Hastane gibi sağlık kuruluşlarının yanı sıra psikolojik yardım hizmeti sunan merkezlerden bu yardım alınabilir. Ayrıca, olay yerinde yeterince güvenli bir ortam sağlandıktan sonra kurulan yardım tesislerinde de psikolojik ilk yardım desteğinden faydalanabilirler.
NE ZAMAN?
Olayın hemen sonrasında verilen tepkiler normal kabul edilse de yardıma ihtiyaç duyduğunu belirten herkes için psikolojik yardım uygun zamandır. Ayrıca yukarıda belirtilen durumların oluşması da kişinin psikolojik yardıma ihtiyaç duyabileceğini göstermektedir.
BİZ ŞU ANDA NASIL DESTEK OLABİLİRİZ?
Öncelikle bireyin yaşadığı stres belirtilerinin, olağan dışı bir duruma verilen olağan tepkiler olduğunu unutmamak gerekir. Her birey, bu belirtileri farklı şekillerde yaşayabilir. Bazı bireylerde kayıtsızlık gözlenebilirken, bazı bireylerde eskisi ile uyumlu olmayan davranışlar gözlemlenebilir. Bu gibi durumların normal olduğu kabul edilmeli ve sabır ile eşlik edilmelidir.
Belirtilerin yoğun olduğu akut dönemde, öncelikle temel fiziksel ve psikolojik ihtiyaçları saptamak gerekir. Bu ihtiyaçların karşılanması, kişinin yeniden güvende hissetmesine vesile olmaktadır. Herhangi bir zorlama olmadan, yardım teklif etme, kişinin sakin kalma kapasitesini ve yardım edileceği umudunu artırmaktadır.

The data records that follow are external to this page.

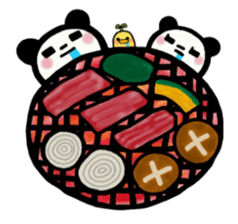 Panta and Panmi 3 (Food series) sticker #9386398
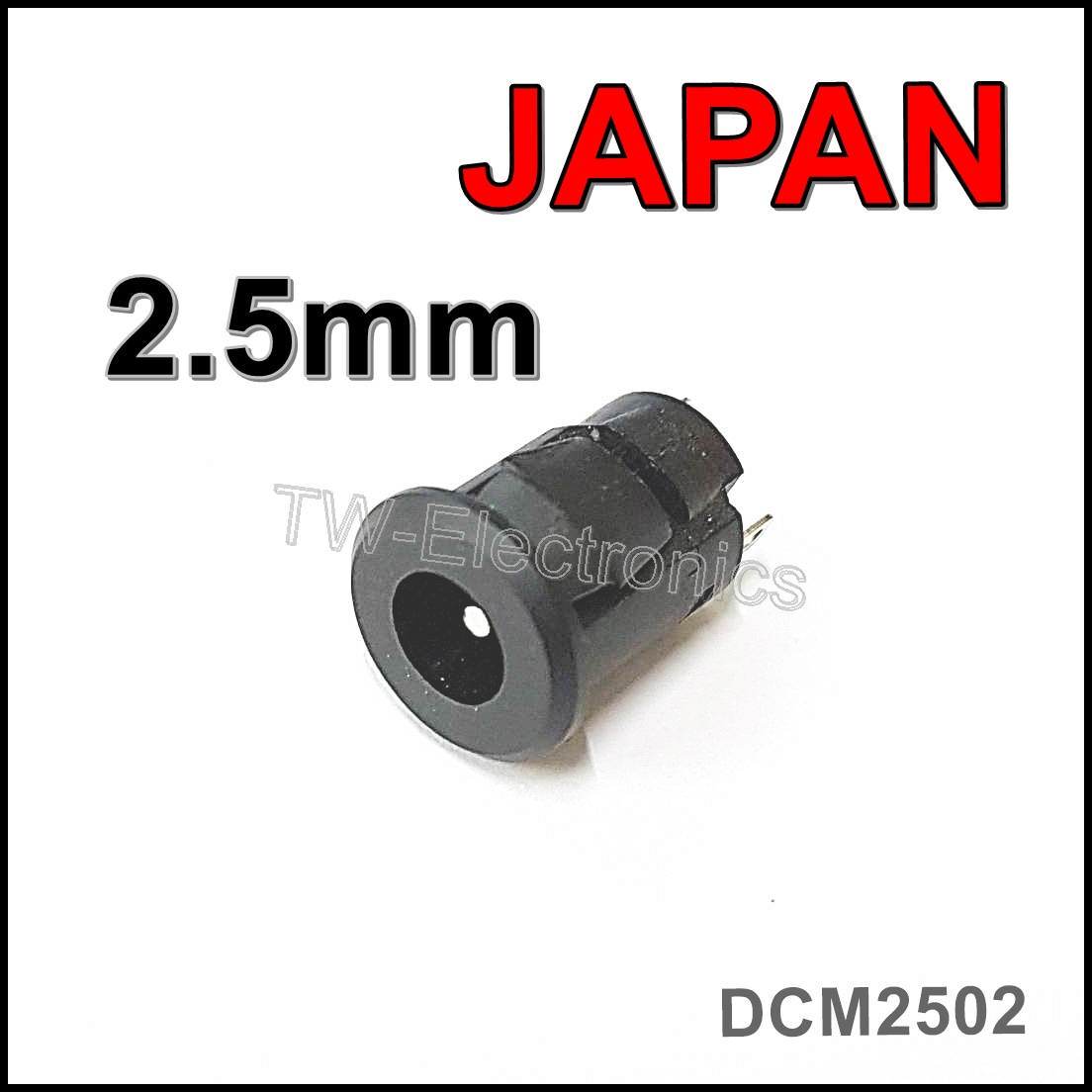 DC 2.5mm ติดแท่น / DCM2502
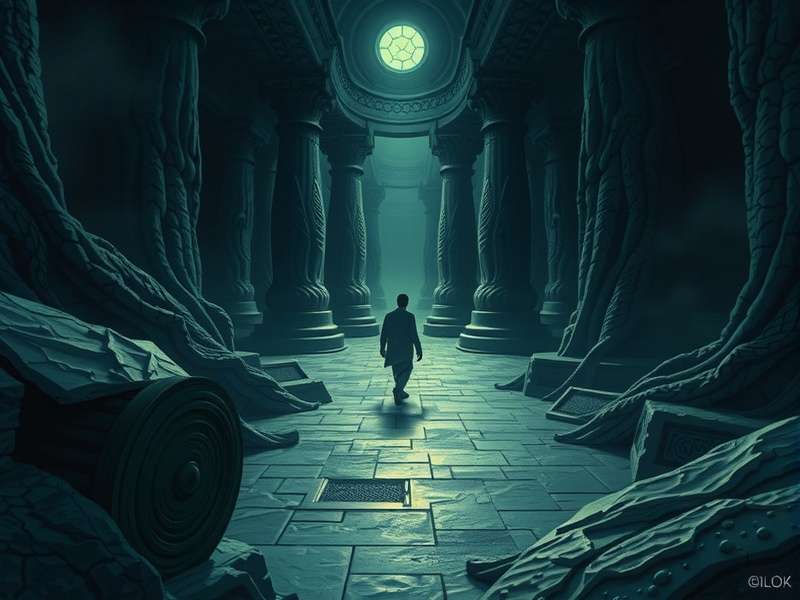 Potter Sequence board game setup with magical theme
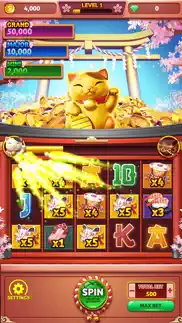 lucky cat: japanese slots iphone screenshot 1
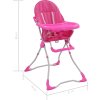 Dětská jídelní židlička modro-bílá [10183] (Barva Růžová)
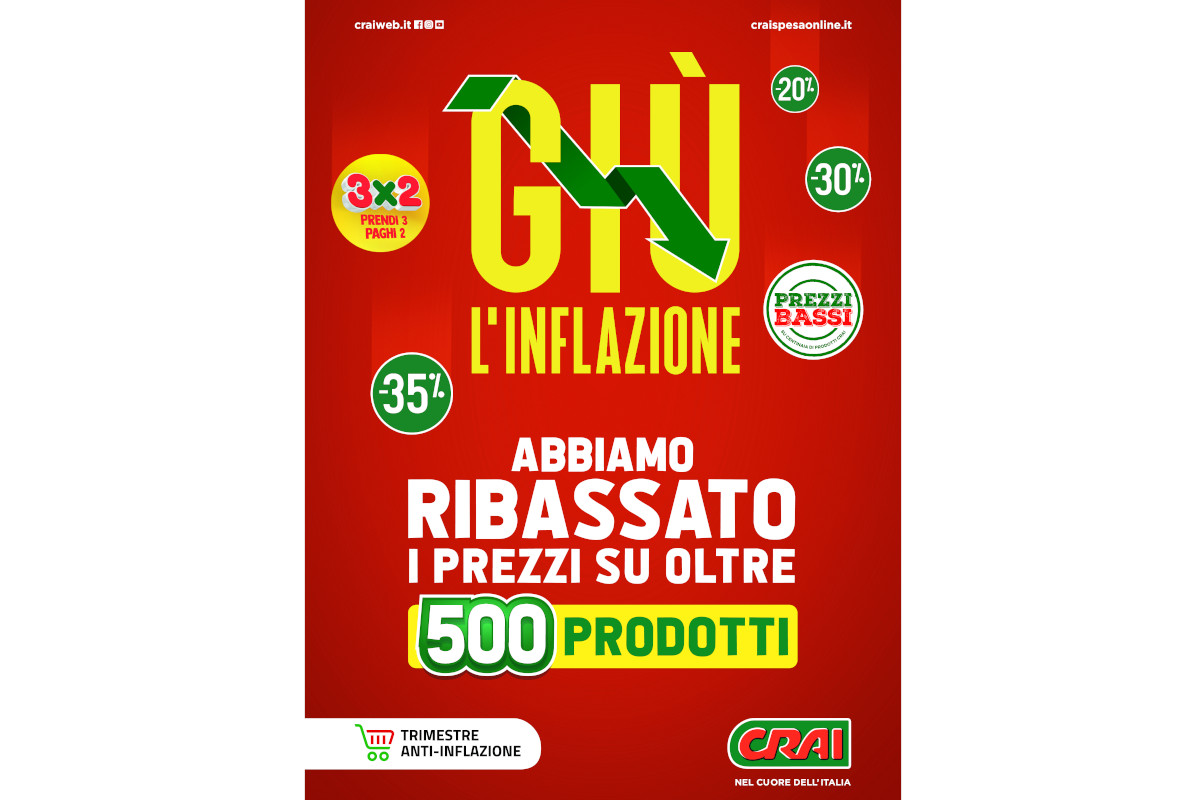 Crai, al via l’operazione “Giù l’inflazione”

Bireyin, maruz kaldığı olayı anlatması için zorlanmamalı, kendi ihtiyacında kalması desteklenmelidir. Duygularını tanıması ve ifade etmesi için yardımcı olunabilir. Bu noktada, herhangi bir tavsiye vermeden ve çözüm üretmeye çalışmadan, samimiyetle dinlemek faydalı olacaktır. Olayın detaylarını öğrenmeye çalışmak, fazla soru sormak, bireyin yeniden yoğun tepkiler vermesine sebep olabilir. Dolayısıyla, bireyin kendi talebine alan açmak çok daha önemlidir.
Bununla birlikte, bireyin, yeniden travmatize edecek etkilerden korunması ve olası ikincil stres faktörlerinden uzak tutulması sağlanmalıdır. Takip eden dönemde, bireyin gelişimini takip etmek gerekir. Şayet bireyin olay sonrası dengelendiğini düşünüyorsak, olağan yaşantısına dönmesi (günlük rutinlere dönmesi) konusunda destek verilebilir. Ancak gözlemlenen stres tepkilerinde artış varsa, psikolojik destek alması için yönlendirme yapılmalıdır.